#### Exercise brief
The material below must be output exactly, line for line.

#### The data
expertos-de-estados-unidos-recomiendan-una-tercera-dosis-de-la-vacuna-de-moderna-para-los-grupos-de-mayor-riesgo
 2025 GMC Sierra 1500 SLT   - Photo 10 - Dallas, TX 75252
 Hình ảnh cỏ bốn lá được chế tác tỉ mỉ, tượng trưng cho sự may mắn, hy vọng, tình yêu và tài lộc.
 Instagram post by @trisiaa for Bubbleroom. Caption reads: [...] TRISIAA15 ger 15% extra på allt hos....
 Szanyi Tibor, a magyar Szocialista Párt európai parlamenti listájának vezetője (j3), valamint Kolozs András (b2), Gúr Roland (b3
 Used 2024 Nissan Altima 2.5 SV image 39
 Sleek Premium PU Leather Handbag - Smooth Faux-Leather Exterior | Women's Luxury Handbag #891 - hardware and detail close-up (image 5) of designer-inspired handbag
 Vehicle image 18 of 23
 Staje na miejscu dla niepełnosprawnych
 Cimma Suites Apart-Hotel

#### Your solution
expertos-de-estados-unidos-recomiendan-una-tercera-dosis-de-la-vacuna-de-moderna-para-los-grupos-de-mayor-riesgo
 2025 GMC Sierra 1500 SLT   - Photo 10 - Dallas, TX 75252
 Hình ảnh cỏ bốn lá được chế tác tỉ mỉ, tượng trưng cho sự may mắn, hy vọng, tình yêu và tài lộc.
 Instagram post by @trisiaa for Bubbleroom. Caption reads: [...] TRISIAA15 ger 15% extra på allt hos....
 Szanyi Tibor, a magyar Szocialista Párt európai parlamenti listájának vezetője (j3), valamint Kolozs András (b2), Gúr Roland (b3
 Used 2024 Nissan Altima 2.5 SV image 39
 Sleek Premium PU Leather Handbag - Smooth Faux-Leather Exterior | Women's Luxury Handbag #891 - hardware and detail close-up (image 5) of designer-inspired handbag
 Vehicle image 18 of 23
 Staje na miejscu dla niepełnosprawnych
 Cimma Suites Apart-Hotel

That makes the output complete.